Depuis le 1er août, l’impression automatique du ticket de caisse pour les petits achats du quotidien n’est plus une obligation, conformément à la loi relative à la lutte contre le gaspillage et à l’économie circulaire (AGEC). Cette mesure symbolique n'est qu'un timide début, et il reste beaucoup à faire pour transformer nos mentalités, nos modes de production et de consommation.
La France a l'étoffe de devenir un champion de l'économie circulaire, si on s'attaque correctement à une des problématiques clés : la formation. Aujourd'hui, il est regrettable que le projet de loi relatif à l’industrie verte, discuté dernièrement au Parlement, n’ait pas abordé la question cruciale du recrutement et de la formation, malgré leur rôle primordial dans la réindustrialisation de notre pays.
Les filières manuelles sont délaissées
Pour illustrer notre retard, prenons un exemple concret. D’après le GIFAM, en 2022, le gros électroménager représente 16,6 millions de produits neufs vendus pour seulement 500.000 produits reconditionnés, soit 3 % du volume du neuf. Les volumes réparés, nettoyés et réintroduits sur le marché sont bien insuffisants pour changer les modes de consommation. Cette problématique s’inscrit d’ailleurs dans le débat public sur la réindustrialisation de la France, le Remade in France et la vision France 2030.
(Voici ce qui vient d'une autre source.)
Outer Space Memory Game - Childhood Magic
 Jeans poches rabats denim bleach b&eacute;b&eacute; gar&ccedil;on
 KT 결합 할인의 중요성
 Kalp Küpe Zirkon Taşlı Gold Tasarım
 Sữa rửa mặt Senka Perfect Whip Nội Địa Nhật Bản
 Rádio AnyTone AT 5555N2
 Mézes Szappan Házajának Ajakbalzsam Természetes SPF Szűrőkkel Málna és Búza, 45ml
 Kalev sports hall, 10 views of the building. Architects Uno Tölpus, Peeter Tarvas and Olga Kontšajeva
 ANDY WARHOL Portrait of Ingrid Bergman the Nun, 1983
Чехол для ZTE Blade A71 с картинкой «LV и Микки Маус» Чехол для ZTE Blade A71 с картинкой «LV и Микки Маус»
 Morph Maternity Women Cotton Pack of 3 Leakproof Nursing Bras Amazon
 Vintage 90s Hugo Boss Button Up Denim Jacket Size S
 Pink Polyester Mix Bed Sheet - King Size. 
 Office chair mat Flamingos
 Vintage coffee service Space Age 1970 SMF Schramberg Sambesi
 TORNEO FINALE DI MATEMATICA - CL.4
Nous avons les compétences, les infrastructures et la volonté pour réussir ce défi, lancer un mouvement vers le reconditionnement. Alors qu’est-ce qui cloche ? Une partie du problème réside dans le manque de techniciens et techniciennes experts. Il subsiste, en France, une réticence, voire une gêne, à exercer un métier manuel. Les filières manuelles sont délaissées et les investissements manquent pour pousser les jeunes dans cette direction. Cette situation nous plombe : pour atteindre ne serait-ce que 15 % du gros électroménager reconditionné, nous avons besoin de 2.700 techniciens reconditionneurs et plus de 10.000 opérateurs. Autant dire qu’un changement est urgent, si ce n’est capital.
Pousser la reconversion
Redorer ces professions exigeantes et indispensables doit être une priorité pour transformer la France en leader de l’économie circulaire, pionnière en matière de reconditionnement et de réemploi. Concrètement, il faut agir sur plusieurs leviers : la formation et l'attractivité des métiers liés au réemploi. D’une part, agir sur la rémunération et le temps de travail est un levier qui permet d’attirer et de fidéliser les femmes et les hommes dont les compétences techniques sont rares. La communication est également clé : le métier de reconditionneur est nouveau et peu reconnu, pourtant il répond à une quête de sens et un besoin de nouvelles conditions de travail pouvant attirer de nouvelles recrues. D’autre part, il faut prendre les devants en termes de formation professionnelle. Nous devons aider les jeunes et les moins jeunes à se former de manière pratique à ces métiers du futur.
Des formations en interne devront être portées par les structures privées. Mais il s’agit d’une solution sur le court terme. Pour construire une véritable filière de reconditionnement en France, il faut penser plus loin et mettre en avant les formations, en investissant dans les organismes de formation traditionnels, en poussant la reconversion. Autant de sujets oubliés dans le projet de loi de l'industrie verte pour l’instant et pourtant primordiaux.
Aujourd’hui, et seulement en France, 48 appareils électroménagers (petits et gros) sont jetés chaque
minute, soit 25 millions à l’année. Si nous voulons répondre à l’urgence climatique, agissons pour la réduction des déchets et de la production. C’est un des principaux leviers pour diminuer notre empreinte, alors que depuis le 2 août, jour du dépassement, nous vivons en situation de dette écologique.
Les femmes et les hommes qui œuvrent, et œuvreront demain à plus grande échelle, en faveur de
cette mission, doivent être reconnus à leur juste valeur comme des acteurs essentiels de la transition écologique. C’est en redonnant du sens et de la fierté à ces professions et en investissant dans la formation que nous ferons de la France, une nation du réemploi.